> _The problem_:
Look through the data below for the line with "5FKW255 California License Plate" and the line with "Wine Diva Rhinestone", then transcribe exactly from the first through the second, leaving out all pictures.

> _Data records_:
▽

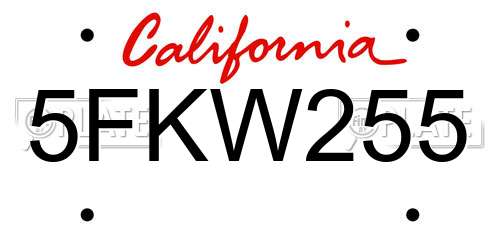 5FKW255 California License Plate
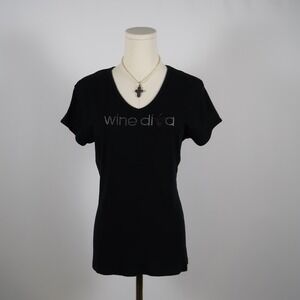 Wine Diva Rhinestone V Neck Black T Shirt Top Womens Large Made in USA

△
▽

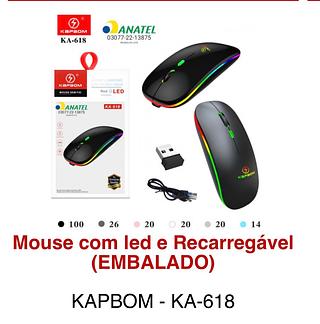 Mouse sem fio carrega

△

> _Output for this task_:
 5FKW255 California License Plate
 Wine Diva Rhinestone V Neck Black T Shirt Top Womens Large Made in USA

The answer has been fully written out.